▶ [SUPPLIED MATERIAL]
□ □ □ □

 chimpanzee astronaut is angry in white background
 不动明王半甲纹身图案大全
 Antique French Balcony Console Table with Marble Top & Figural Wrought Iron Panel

□ □ □ □

▶ [EXERCISE BRIEF]
Only the lines from the one holding "不动明王半甲纹身图案大全" to the end of the material are wanted, each transcribed exactly.

▶ [RESULT OF THE TASK]
 不动明王半甲纹身图案大全
 Antique French Balcony Console Table with Marble Top & Figural Wrought Iron Panel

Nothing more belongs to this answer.